That the world contains many pessimists at the present moment is true. There have always been many pessimists whenever there have been many people whose income has ditninished. Mr Krutch, it is true, is an American, and American incomes, on the whole, have been increased by the War, but throughout the Continent of Europe the intellectual classes have sufered terribly, while the War itself gave everyone a sense of instability. Such social causes have a great deal more to do with the mood of an epoch than has its' theory as to the nature of the world. Few ages have been more despairing than the thirteenth century, although that faith which Mr Krutch so regrets was then firmly entertained by everyone except the Emperor and a few great Italian nobles. Thus Roger Bacon says: 'For more sins reign in these days of ours than in any past age, and sin is incompatible with wisdom. Let us see all conditions in the world, and consider them diligently everywhere: we shall find boundless corruption, and first of all in the Head . . . Lechery dishonours the whole court, and gluttony is lord of all . . . If then this is done in the Head, how is it in the members? See the prelates: how they hunt after money and neglect the cure of souls . . . Let us consider the Religious Orders: I exclude none from what I say. See how they are fallen, one and all, from their right state; and the new Orders (of Friars) are already horribly decayed from their first dignity. The whole clergy is intent upon pride, lechery, and avarice: and wheresoever clerks are gathered together, as at Paris and Oxford, they scandalise the whole laity with their wars and quarrels and other vices . . . None care what is done, or how, by hook or by crook, provided only that each can fulfil his lust.' Concerning the pagan sages of antiquity, he says: 'Their lives were beyond all comparison better than ours, both in all decency and in contempt of the world, with all its delights and riches and honours; as all men may read in the works of Aristotle. Seneca, Tully. Avicenna, Alfarabius, Plato, Socrates, and others; and so it was that they attained to the secrets of wisdom and found out all knowledge.'* Roger Bacon's opinion was that of all his literary contemporaries, not one of whom liked the age in which he found himself. I do not for a moment believe that this pessimism had any metaphysical cause. Its causes were war, poverty, and violence.

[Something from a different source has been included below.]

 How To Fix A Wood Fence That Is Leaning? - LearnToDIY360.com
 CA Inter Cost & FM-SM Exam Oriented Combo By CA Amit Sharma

One of Mr Krutch's most pathetic chapters deals with the subject of love. It appears that the Victorians thought very highly of it, but that we with our modern sophistication have come to see through it.
I lived too long myself in the Victorian age to be a modern according to Mr Krutch's standards. I have by no means lost my belief in love, but the kind of love that I can believe in is not the kind that the Victorians admired; it is adventurous and open-eyed, and, while it gives knowledge of good, it does not involve forgetfulness of evil, nor does it pretend to be sanctified or holy. The attribution of these qualities to the kind of love that was admired was an outcome of the sex taboo. The Victorian was profoundly convinced that most sex is evil, and had to attach exaggerated adjectives to the kind of which he could approve. There was more sex hunger than there is now, and this no doubt caused people to exaggerate the importance of sex just as the ascetics have always done. We are at the present day passing through a somewhat confused period, when many people have thrown over the old standards without acquiring new ones. This leads them into various troubles, and as their unconscious usually still believes in the old standards, the troubles, when they come, produce despair, remorse, and cynicism. I do not think the number of people to whom this happens is very large, but they are among the most vocal people of our time. I believe that if one took the average of well-to-do young people in our day and in the Victorian epoch, one would find that there is now a great deal more happiness in connection with love, and a great deal more genuine belief in the value of love than there was sixty years ago. The reasons which lead certain persons to cynicism are connected with the tyranny of the old ideals over the unconscious, and with the absence of a rational ethic by which present-day people can regulate their conduct. The cure lies not in lamentation and nostalgia for the past, but in a more courageous acceptance of the modern outlook and a determination to root outnominally discarded superstitions from an their obscure hiding places.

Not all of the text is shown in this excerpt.